Thursday, July 28, 2005

Mint Etiquette?

OK. I'm now reduced to worrying about such tangenital matters as:

It's polite when eating sweets to offer them to those you're with. This is an iron law, and I base most of my life around it. Except when I'm hungry. Or feeling mean. Or grumpy. Or don't like who I'm with. Or I know they're diabetic. Or etc. The recipient will no doubt get pleasure from the sweet sweet sugar. Offering chewing gum likewise. People gain pleasure from the act of chewing like some kind of ruminating animal (such as a cow or sheep, and it stops football managers from talking (cf Alex Ferguson, Sam Allardyce) or having heart attacks, so this too is something that you should offer others in your company. What I've taken to recently though, is those super-strength mints (Smint, say), which confer no benefit on the user in terms of pleasure, taste, texture, sugary sugar kick or anything of that nature. All they can possibly be used for it to make you smell less of onions. So, when I've been having one of these things, I've also been offering them round. Is this saying to the other person that I think their breath could do with smelling of mints rather than what it currently smells of?
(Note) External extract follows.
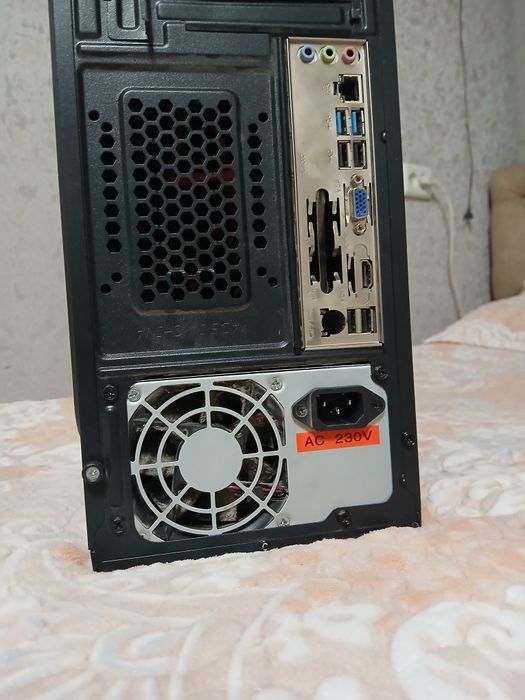 Продам компютер слабый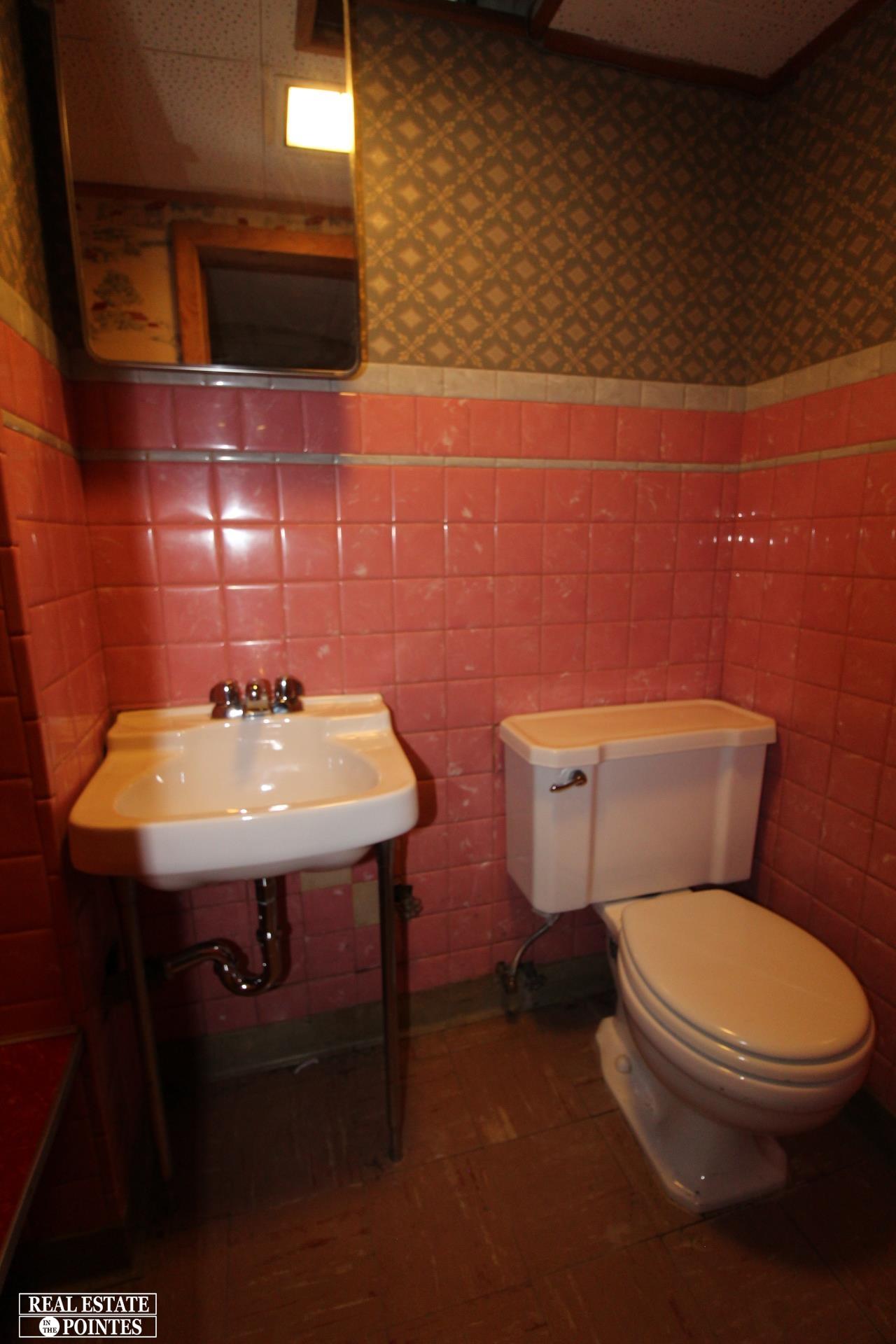 1320 Devonshire Road Grosse Pointe Park, MI 48230 - Photo 45 of 57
Perhaps when I'm having one too it's more of a communal thing, a shared experience, but what about when, as I have also been doing, I just whip them out of my pocket, offer them to someone, and then just put them back in my pocket, without taking one myself? Is this just the height of subtle rudeness that is likely to pique my refined and sensitive friends? Or am I being super-generous, offering round something that I'm not even going to be having myself? Or am I just trying to make people confused and paranoid?

Anyway, would you like a mint?

Monday, July 25, 2005

Etiquette Query

Right. I'm after some advice here. I'm going to go to a friend's book reading tonight [Plug begins - It's for a short story collection called 'Underwords' published by Maia Press, and it's got stories from Angela Small Island Levy and Hanif Budda of Suburbia Kureishi, both of whose parents gave them stupid middle names in the hope they'd become successful novelists. The star turn undoubtably is Paul Owen, reading from 'Gunfingers' at 6.30pm today, at Counting House (which to my understanding is a pub, 50 Cornhill, which is near Bank station) - plug ends] and I need your advice.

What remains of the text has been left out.